2.KRALLAR 6:24-33 Turkish Bible Old Translation 1941 (KMEYA)
Ve bu şeylerden sonra vaki oldu ki, Suriye kıralı Ben-hadad bütün ordusunu toplayıp çıktı, ve Samiriyeyi kuşattı. Ve Samiriyede büyük kıtlık oldu; ve işte, bir eşek başı seksen şekel gümüşe, ve bir kabın dörtte biri güvercin tersi beş şekel gümüşe çıkıncıya kadar şehri kuşattılar. Ve İsrail kıralı duvar üzerinden geçiyordu, ve bir kadın ona bağırıp dedi: Efendim kıral, yardım et! Ve dedi: RAB sana yardım etmezse, ben sana nereden yardım edeyim? harmandan mı, yoksa mâsaradan mı? Ve kıral ona dedi: Nen var? Ve dedi: Bu kadın bana demişti: Oğlunu ver de bugün yiyelim, benim oğlumu da yarın yeriz. Ve oğlumu pişirdik ve onu yedik; ve ertesi gün ona dedim: Sen oğlunu ver de onu yiyelim; fakat oğlunu gizledi. Ve vaki oldu ki, kıral kadının sözlerini işitince esvabını yırttı (ve o duvar üzerinden geçiyordu); ve kavm gördü, ve işte, içten bedeni üzerinde çul vardı. Ve dedi: Eğer bugün Şafatın oğlu Elişanın başı kendi üzerinde kalırsa, Allah bana böylesini ve daha ziyadesini yapsın. Ve Elişa evinde oturuyordu, ve ihtiyarlar onunla beraber oturuyorlardı; ve kıral kendi önünden bir adam gönderdi; fakat ulak onun yanına gelmeden Elişa ihtiyarlara dedi: Görüyor musunuz, benim başımı almak için nasıl bu katilin oğlu adam gönderdi? bakın, ulak gelince kapıyı kapayın, ve onu kapı ile itin; efendisinin ayaklarının sesi onun arkasında değil mi?
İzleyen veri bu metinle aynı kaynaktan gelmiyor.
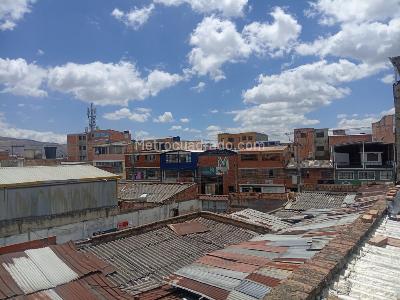 Casa de 5 alcobas en venta en San Carlos, Bogotá, 62 m² · foto 13 de 20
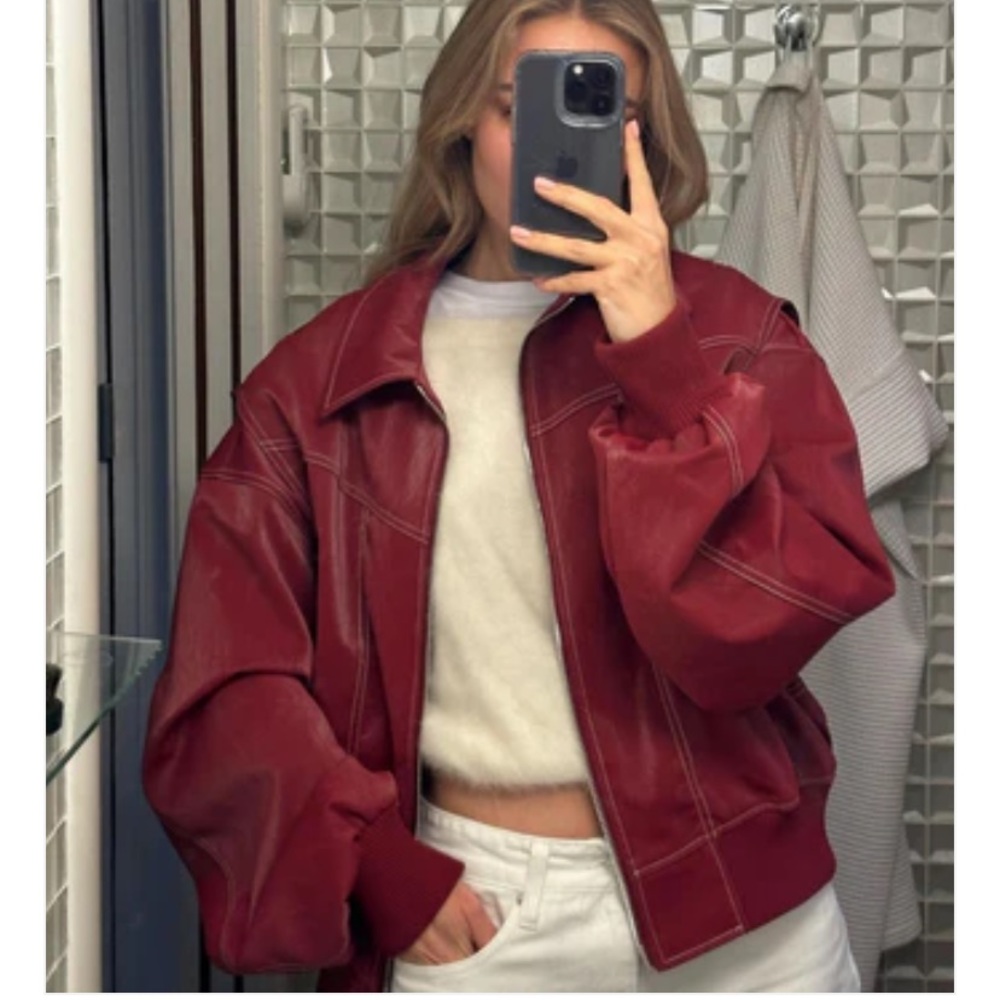 Room Antwerp- red jacket, SOLD OUT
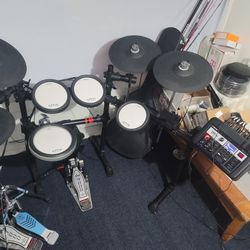 Yamaha DTX6K3-X Electronic Drum Set And Drum Workshop DW 9000 Double Pedal 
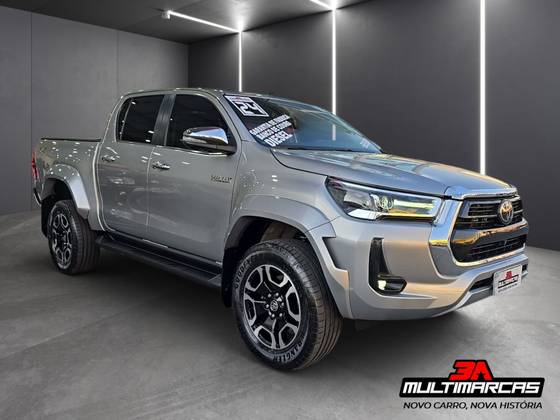 TOYOTA HILUX 2.8 D-4D TURBO DIESEL CD SRX PLUS 4X4 AUTOMÁTICO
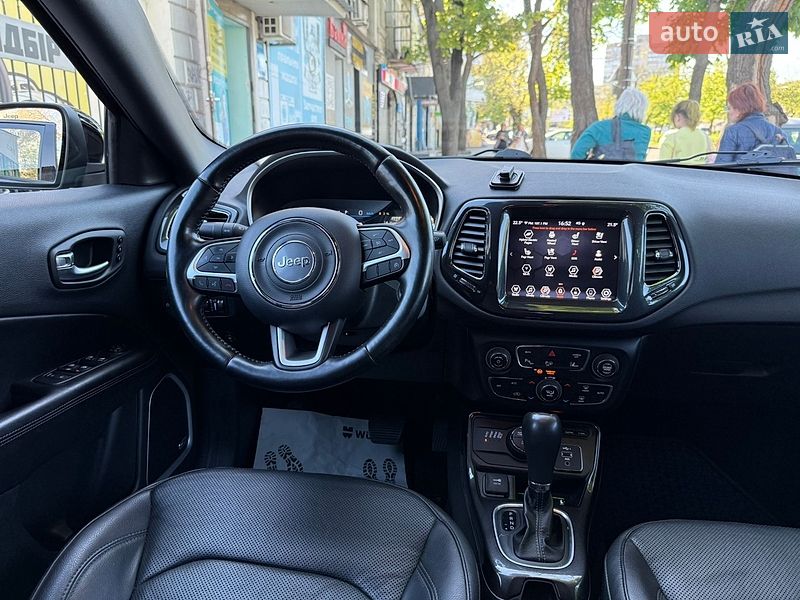 Внедорожник / Кроссовер Jeep Compass 2020 в Николаеве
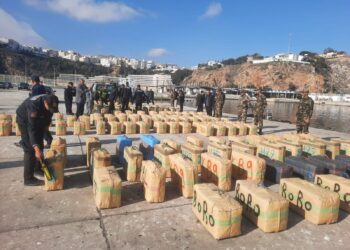 إحباط عملية تهريب مخدرات في عرض قرب ميناء الحسيمة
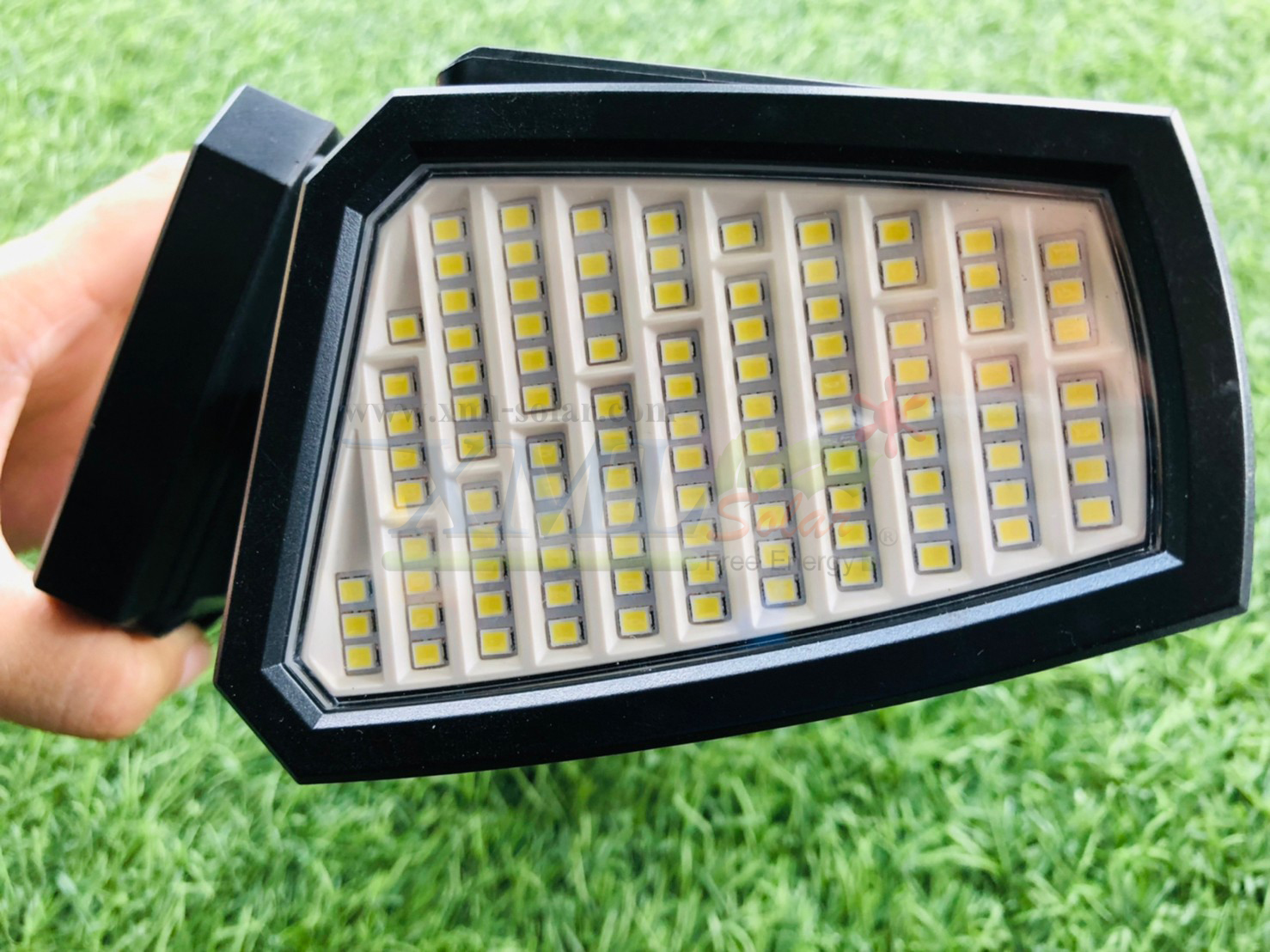 สปอร์ตไลท์ปักสนามโซล่าเซลล์ 350 LED + Motion Sensor (แสง : ขาว)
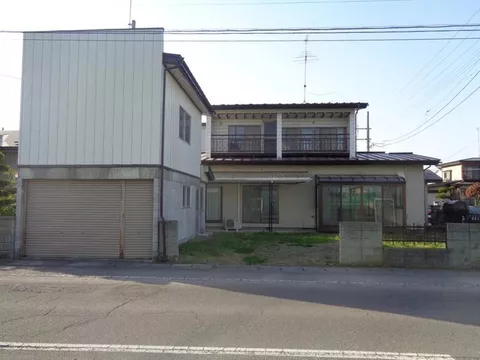 *Under negotiation* Convenient location for shopping♪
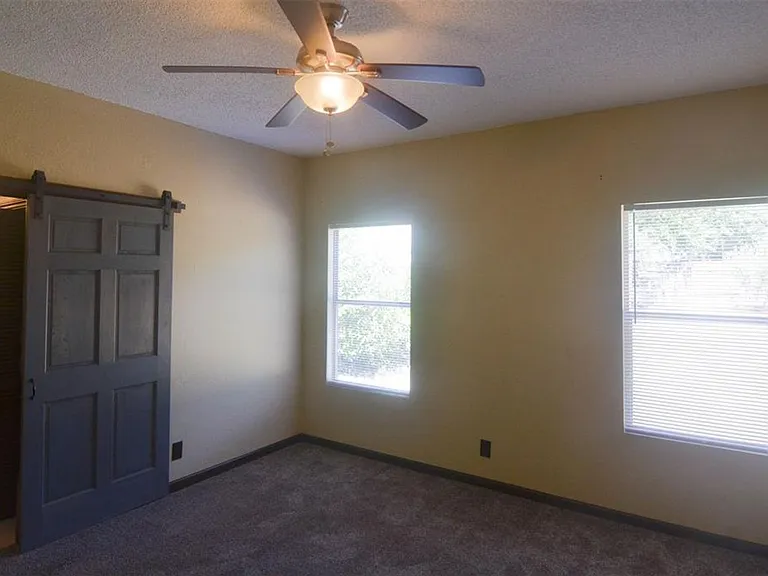 16402 Malden Dr — Photo 13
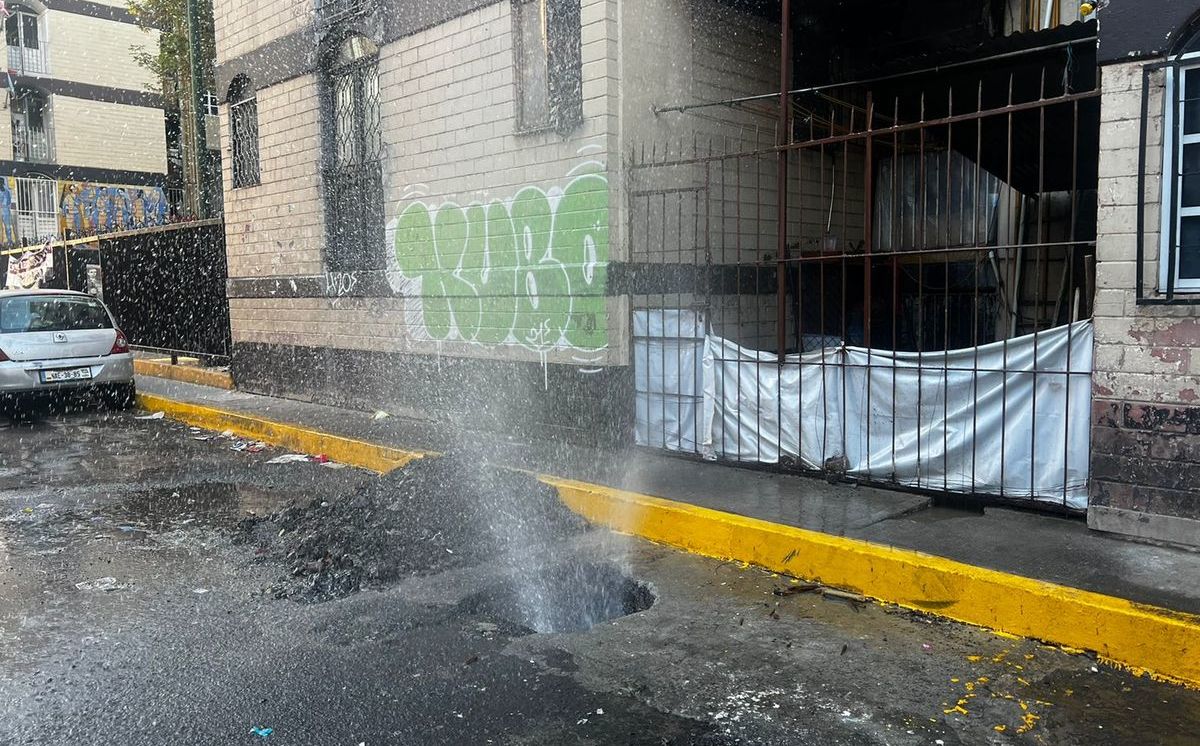 Vecinos de la colonia Morelos en CdMx reportan fuga de agua- Grupo Milenio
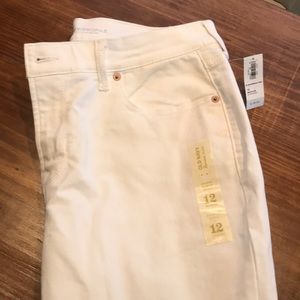 White denim pants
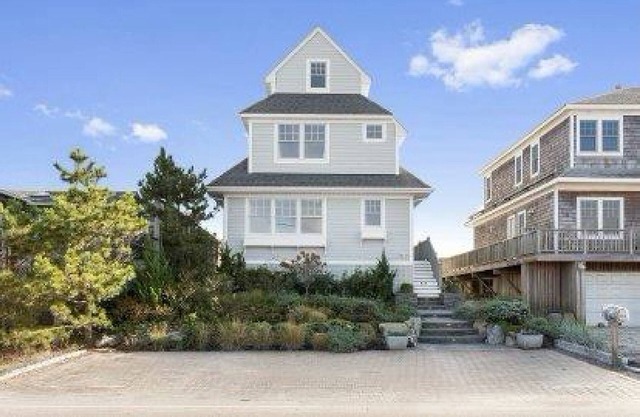 Summer 2025 Ocean front Paradise in Westhampton Dunes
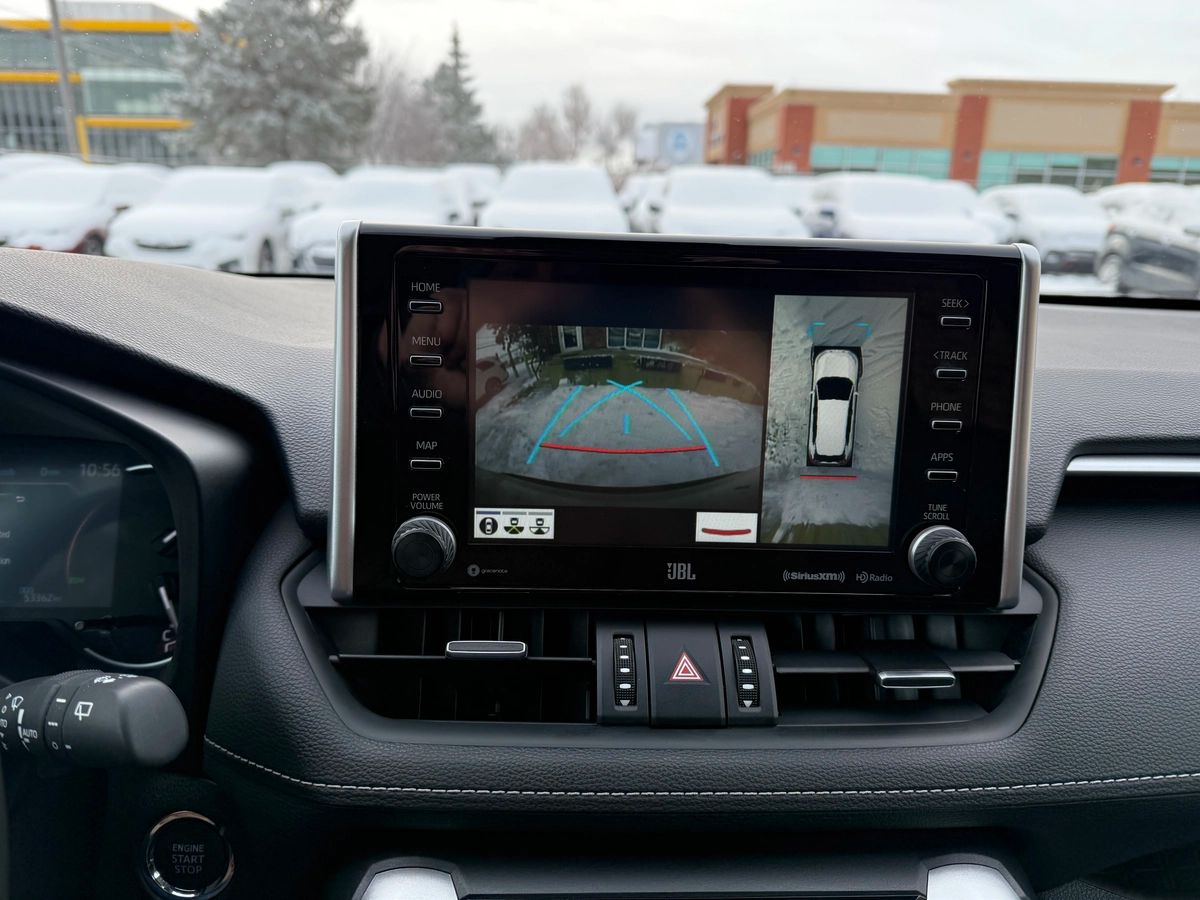 2021 Toyota RAV4 - Image 27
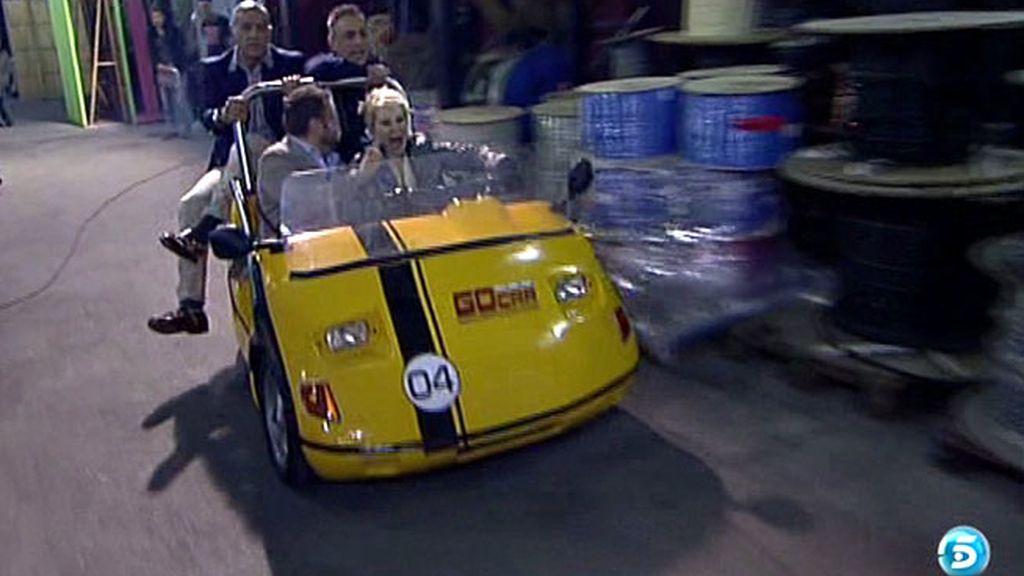 J.J. y los Kikos no tienen miedo y se montan en el mini-coche con la periodista
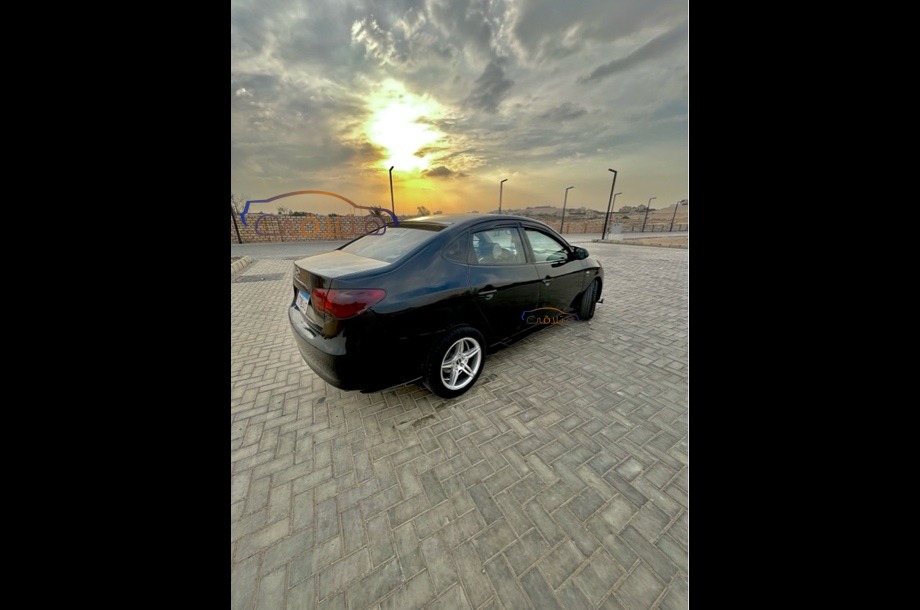 Avante Hyundai أسود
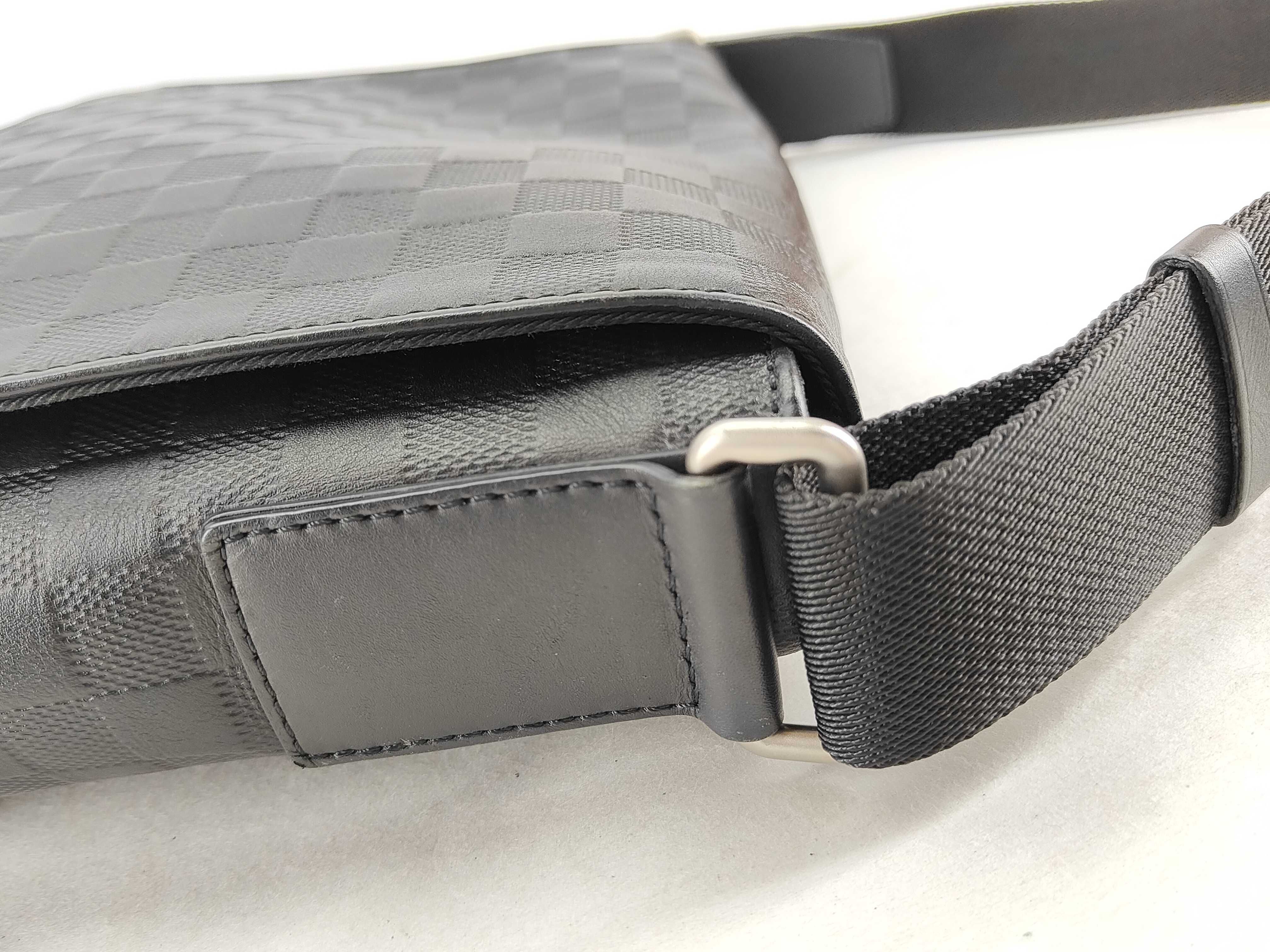 Damier Infini N41033 Damier Infini District PM Shoulder Bag with Dust Bag — view 6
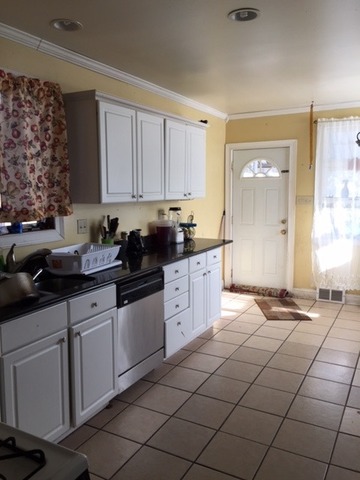 648 S 4th St, Aurora, IL 60505 photo 6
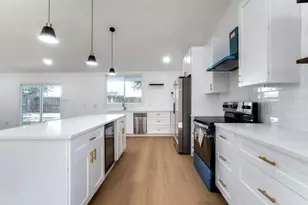 9002 Enchanted Forest Dr, Houston, TX 77088 - Photo 19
Ve onlarla henüz söyleşmekte iken, işte, ulak onun yanına indi; ve o dedi: İşte, bu belâ RABDENDİR: niçin daha RABBİ bekliyeyim?
2.KRALLAR 6:24-33 Kutsal Kitap ve Deuterokanonik Kitaplar (KKDEU)
Bir süre sonra, Aram Kralı Ben-Hadat bütün ordusunu toplayıp İsrail'e girdi ve Samiriye'yi kuşattı. Samiriye'de büyük bir kıtlık oldu. Kuşatma sonunda bir eşek kellesinin fiyatı seksen şekel gümüşe, dörtte bir kav güvercin gübresinin fiyatı ise beş şekel gümüşe çıktı. İsrail Kralı surların üzerinde yürürken, bir kadın, “Efendim kral, bana yardım et!” diye seslendi. Kral, “RAB sana yardım etmiyorsa, ben nasıl yardım edebilirim ki?” diye karşılık verdi, “Buğday mı, yoksa şarap mı istersin? Derdin ne?” Kadın şöyle yanıtladı: “Geçen gün şu kadın bana dedi ki, ‘Oğlunu ver, bugün yiyelim, yarın da benim oğlumu yeriz.’ Böylece oğlumu pişirip yedik. Ertesi gün ona, ‘Oğlunu ver de yiyelim’ dedim. Ama o, oğlunu gizledi.” Kadının bu sözlerini duyan kral giysilerini yırttı. Surların üzerinde yürürken, halk onun giysilerinin altına çul giydiğini gördü. Kral, “Eğer bugün Şafat oğlu Elişa'nın başı yerinde kalırsa, Tanrı bana aynısını, hatta daha kötüsünü yapsın!” dedi. Elişa o sırada halkın ileri gelenleriyle birlikte evinde oturuyordu. Kral önden bir haberci gönderdi. Ama daha haberci gelmeden, Elişa ileri gelenlere, “Görüyor musunuz caniyi?” dedi, “Kalkmış, başımı kestirmek için adam gönderiyor! Haberci geldiğinde kapıyı kapayın, onu içeri almayın. Çünkü ardından efendisi kral da gelecek.” Elişa konuşmasını bitirmeden, haberci yanına geldi ve, “Bu felaket RAB'dendir” dedi, “Neden hâlâ RAB'bi bekleyeyim?”